_WHAT YOU HAVE TO DO:_ The required output is every record, written out exactly.

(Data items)
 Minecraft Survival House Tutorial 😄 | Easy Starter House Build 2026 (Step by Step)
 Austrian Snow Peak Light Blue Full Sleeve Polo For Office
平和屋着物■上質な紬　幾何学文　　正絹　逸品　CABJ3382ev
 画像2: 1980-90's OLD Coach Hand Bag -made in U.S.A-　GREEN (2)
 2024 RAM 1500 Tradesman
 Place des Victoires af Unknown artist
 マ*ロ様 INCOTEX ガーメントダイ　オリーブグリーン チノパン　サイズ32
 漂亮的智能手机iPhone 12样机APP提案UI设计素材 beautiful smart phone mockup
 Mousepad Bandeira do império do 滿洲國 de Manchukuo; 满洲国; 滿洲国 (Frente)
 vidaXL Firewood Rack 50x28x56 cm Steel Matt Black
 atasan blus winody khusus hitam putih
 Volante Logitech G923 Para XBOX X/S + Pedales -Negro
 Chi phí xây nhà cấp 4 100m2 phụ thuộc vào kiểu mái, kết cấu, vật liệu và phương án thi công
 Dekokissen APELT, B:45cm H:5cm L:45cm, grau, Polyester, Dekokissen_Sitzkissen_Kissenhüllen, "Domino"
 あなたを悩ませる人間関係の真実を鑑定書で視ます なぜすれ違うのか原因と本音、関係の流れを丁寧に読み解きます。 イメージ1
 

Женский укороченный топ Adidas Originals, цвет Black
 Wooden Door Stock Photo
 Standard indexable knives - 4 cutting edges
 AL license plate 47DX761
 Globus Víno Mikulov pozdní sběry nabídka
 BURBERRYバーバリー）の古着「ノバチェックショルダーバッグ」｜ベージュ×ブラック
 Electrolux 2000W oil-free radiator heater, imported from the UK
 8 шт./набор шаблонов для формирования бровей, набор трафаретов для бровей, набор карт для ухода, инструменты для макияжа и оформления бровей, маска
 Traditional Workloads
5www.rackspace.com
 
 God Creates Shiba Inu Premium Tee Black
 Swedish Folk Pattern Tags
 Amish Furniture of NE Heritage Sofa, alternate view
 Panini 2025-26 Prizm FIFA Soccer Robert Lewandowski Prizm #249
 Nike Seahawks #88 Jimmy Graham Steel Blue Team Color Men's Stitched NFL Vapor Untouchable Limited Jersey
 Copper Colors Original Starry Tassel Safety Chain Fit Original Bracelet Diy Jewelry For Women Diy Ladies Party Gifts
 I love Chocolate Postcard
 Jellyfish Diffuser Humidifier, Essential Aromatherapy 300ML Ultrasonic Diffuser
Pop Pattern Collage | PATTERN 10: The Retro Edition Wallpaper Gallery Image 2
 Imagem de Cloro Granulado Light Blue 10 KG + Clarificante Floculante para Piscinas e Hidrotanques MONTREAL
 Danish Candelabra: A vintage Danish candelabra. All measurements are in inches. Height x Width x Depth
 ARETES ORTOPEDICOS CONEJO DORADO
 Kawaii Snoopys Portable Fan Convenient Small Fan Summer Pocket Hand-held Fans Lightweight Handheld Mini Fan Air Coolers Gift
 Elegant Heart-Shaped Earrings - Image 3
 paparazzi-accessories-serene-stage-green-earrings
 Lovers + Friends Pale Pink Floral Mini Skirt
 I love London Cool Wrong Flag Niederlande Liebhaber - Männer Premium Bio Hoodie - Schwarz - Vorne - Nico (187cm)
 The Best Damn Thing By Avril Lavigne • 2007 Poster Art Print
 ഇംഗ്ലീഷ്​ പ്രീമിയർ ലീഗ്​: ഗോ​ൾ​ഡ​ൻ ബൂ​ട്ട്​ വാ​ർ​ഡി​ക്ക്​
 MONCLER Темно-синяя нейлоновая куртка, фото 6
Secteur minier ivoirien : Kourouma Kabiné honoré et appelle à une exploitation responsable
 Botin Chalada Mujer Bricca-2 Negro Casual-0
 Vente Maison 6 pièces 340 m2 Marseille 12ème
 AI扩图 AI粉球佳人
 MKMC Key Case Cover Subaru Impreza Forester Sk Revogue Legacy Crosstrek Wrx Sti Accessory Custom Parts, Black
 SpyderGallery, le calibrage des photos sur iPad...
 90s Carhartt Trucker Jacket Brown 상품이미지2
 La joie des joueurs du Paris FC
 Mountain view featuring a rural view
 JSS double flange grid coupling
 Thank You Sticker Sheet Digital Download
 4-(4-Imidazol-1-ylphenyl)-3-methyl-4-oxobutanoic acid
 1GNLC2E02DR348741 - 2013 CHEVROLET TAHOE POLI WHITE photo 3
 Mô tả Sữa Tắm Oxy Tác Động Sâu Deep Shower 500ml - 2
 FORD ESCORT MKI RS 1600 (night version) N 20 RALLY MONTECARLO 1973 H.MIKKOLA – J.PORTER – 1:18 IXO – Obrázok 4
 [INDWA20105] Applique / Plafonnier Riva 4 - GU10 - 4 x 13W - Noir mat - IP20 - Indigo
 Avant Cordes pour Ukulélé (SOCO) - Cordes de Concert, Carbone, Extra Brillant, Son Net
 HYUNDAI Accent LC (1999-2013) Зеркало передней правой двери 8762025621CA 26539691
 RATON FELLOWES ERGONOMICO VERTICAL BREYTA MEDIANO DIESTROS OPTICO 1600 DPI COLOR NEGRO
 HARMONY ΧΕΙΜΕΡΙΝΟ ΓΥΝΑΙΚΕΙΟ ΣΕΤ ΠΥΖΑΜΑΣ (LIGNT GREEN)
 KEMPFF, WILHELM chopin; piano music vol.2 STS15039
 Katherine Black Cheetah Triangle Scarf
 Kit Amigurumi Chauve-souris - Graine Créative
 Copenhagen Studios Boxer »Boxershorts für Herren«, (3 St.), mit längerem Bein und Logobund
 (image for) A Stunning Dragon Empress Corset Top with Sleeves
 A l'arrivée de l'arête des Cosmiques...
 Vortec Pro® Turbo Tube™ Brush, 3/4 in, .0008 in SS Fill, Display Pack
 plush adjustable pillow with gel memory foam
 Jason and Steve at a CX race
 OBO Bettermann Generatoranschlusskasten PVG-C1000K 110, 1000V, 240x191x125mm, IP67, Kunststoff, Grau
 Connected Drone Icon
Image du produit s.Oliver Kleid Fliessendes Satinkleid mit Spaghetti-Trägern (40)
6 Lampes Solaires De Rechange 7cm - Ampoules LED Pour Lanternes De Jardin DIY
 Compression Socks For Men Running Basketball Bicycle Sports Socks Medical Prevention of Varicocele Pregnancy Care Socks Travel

_TASK OUTPUT:_
 Minecraft Survival House Tutorial 😄 | Easy Starter House Build 2026 (Step by Step)
 Austrian Snow Peak Light Blue Full Sleeve Polo For Office
平和屋着物■上質な紬　幾何学文　　正絹　逸品　CABJ3382ev
 画像2: 1980-90's OLD Coach Hand Bag -made in U.S.A-　GREEN (2)
 2024 RAM 1500 Tradesman
 Place des Victoires af Unknown artist
 マ*ロ様 INCOTEX ガーメントダイ　オリーブグリーン チノパン　サイズ32
 漂亮的智能手机iPhone 12样机APP提案UI设计素材 beautiful smart phone mockup
 Mousepad Bandeira do império do 滿洲國 de Manchukuo; 满洲国; 滿洲国 (Frente)
 vidaXL Firewood Rack 50x28x56 cm Steel Matt Black
 atasan blus winody khusus hitam putih
 Volante Logitech G923 Para XBOX X/S + Pedales -Negro
 Chi phí xây nhà cấp 4 100m2 phụ thuộc vào kiểu mái, kết cấu, vật liệu và phương án thi công
 Dekokissen APELT, B:45cm H:5cm L:45cm, grau, Polyester, Dekokissen_Sitzkissen_Kissenhüllen, "Domino"
 あなたを悩ませる人間関係の真実を鑑定書で視ます なぜすれ違うのか原因と本音、関係の流れを丁寧に読み解きます。 イメージ1
 

Женский укороченный топ Adidas Originals, цвет Black
 Wooden Door Stock Photo
 Standard indexable knives - 4 cutting edges
 AL license plate 47DX761
 Globus Víno Mikulov pozdní sběry nabídka
 BURBERRYバーバリー）の古着「ノバチェックショルダーバッグ」｜ベージュ×ブラック
 Electrolux 2000W oil-free radiator heater, imported from the UK
 8 шт./набор шаблонов для формирования бровей, набор трафаретов для бровей, набор карт для ухода, инструменты для макияжа и оформления бровей, маска
 Traditional Workloads
5www.rackspace.com
 
 God Creates Shiba Inu Premium Tee Black
 Swedish Folk Pattern Tags
 Amish Furniture of NE Heritage Sofa, alternate view
 Panini 2025-26 Prizm FIFA Soccer Robert Lewandowski Prizm #249
 Nike Seahawks #88 Jimmy Graham Steel Blue Team Color Men's Stitched NFL Vapor Untouchable Limited Jersey
 Copper Colors Original Starry Tassel Safety Chain Fit Original Bracelet Diy Jewelry For Women Diy Ladies Party Gifts
 I love Chocolate Postcard
 Jellyfish Diffuser Humidifier, Essential Aromatherapy 300ML Ultrasonic Diffuser
Pop Pattern Collage | PATTERN 10: The Retro Edition Wallpaper Gallery Image 2
 Imagem de Cloro Granulado Light Blue 10 KG + Clarificante Floculante para Piscinas e Hidrotanques MONTREAL
 Danish Candelabra: A vintage Danish candelabra. All measurements are in inches. Height x Width x Depth
 ARETES ORTOPEDICOS CONEJO DORADO
 Kawaii Snoopys Portable Fan Convenient Small Fan Summer Pocket Hand-held Fans Lightweight Handheld Mini Fan Air Coolers Gift
 Elegant Heart-Shaped Earrings - Image 3
 paparazzi-accessories-serene-stage-green-earrings
 Lovers + Friends Pale Pink Floral Mini Skirt
 I love London Cool Wrong Flag Niederlande Liebhaber - Männer Premium Bio Hoodie - Schwarz - Vorne - Nico (187cm)
 The Best Damn Thing By Avril Lavigne • 2007 Poster Art Print
 ഇംഗ്ലീഷ്​ പ്രീമിയർ ലീഗ്​: ഗോ​ൾ​ഡ​ൻ ബൂ​ട്ട്​ വാ​ർ​ഡി​ക്ക്​
 MONCLER Темно-синяя нейлоновая куртка, фото 6
Secteur minier ivoirien : Kourouma Kabiné honoré et appelle à une exploitation responsable
 Botin Chalada Mujer Bricca-2 Negro Casual-0
 Vente Maison 6 pièces 340 m2 Marseille 12ème
 AI扩图 AI粉球佳人
 MKMC Key Case Cover Subaru Impreza Forester Sk Revogue Legacy Crosstrek Wrx Sti Accessory Custom Parts, Black
 SpyderGallery, le calibrage des photos sur iPad...
 90s Carhartt Trucker Jacket Brown 상품이미지2
 La joie des joueurs du Paris FC
 Mountain view featuring a rural view
 JSS double flange grid coupling
 Thank You Sticker Sheet Digital Download
 4-(4-Imidazol-1-ylphenyl)-3-methyl-4-oxobutanoic acid
 1GNLC2E02DR348741 - 2013 CHEVROLET TAHOE POLI WHITE photo 3
 Mô tả Sữa Tắm Oxy Tác Động Sâu Deep Shower 500ml - 2
 FORD ESCORT MKI RS 1600 (night version) N 20 RALLY MONTECARLO 1973 H.MIKKOLA – J.PORTER – 1:18 IXO – Obrázok 4
 [INDWA20105] Applique / Plafonnier Riva 4 - GU10 - 4 x 13W - Noir mat - IP20 - Indigo
 Avant Cordes pour Ukulélé (SOCO) - Cordes de Concert, Carbone, Extra Brillant, Son Net
 HYUNDAI Accent LC (1999-2013) Зеркало передней правой двери 8762025621CA 26539691
 RATON FELLOWES ERGONOMICO VERTICAL BREYTA MEDIANO DIESTROS OPTICO 1600 DPI COLOR NEGRO
 HARMONY ΧΕΙΜΕΡΙΝΟ ΓΥΝΑΙΚΕΙΟ ΣΕΤ ΠΥΖΑΜΑΣ (LIGNT GREEN)
 KEMPFF, WILHELM chopin; piano music vol.2 STS15039
 Katherine Black Cheetah Triangle Scarf
 Kit Amigurumi Chauve-souris - Graine Créative
 Copenhagen Studios Boxer »Boxershorts für Herren«, (3 St.), mit längerem Bein und Logobund
 (image for) A Stunning Dragon Empress Corset Top with Sleeves
 A l'arrivée de l'arête des Cosmiques...
 Vortec Pro® Turbo Tube™ Brush, 3/4 in, .0008 in SS Fill, Display Pack
 plush adjustable pillow with gel memory foam
 Jason and Steve at a CX race
 OBO Bettermann Generatoranschlusskasten PVG-C1000K 110, 1000V, 240x191x125mm, IP67, Kunststoff, Grau
 Connected Drone Icon
Image du produit s.Oliver Kleid Fliessendes Satinkleid mit Spaghetti-Trägern (40)
6 Lampes Solaires De Rechange 7cm - Ampoules LED Pour Lanternes De Jardin DIY
 Compression Socks For Men Running Basketball Bicycle Sports Socks Medical Prevention of Varicocele Pregnancy Care Socks Travel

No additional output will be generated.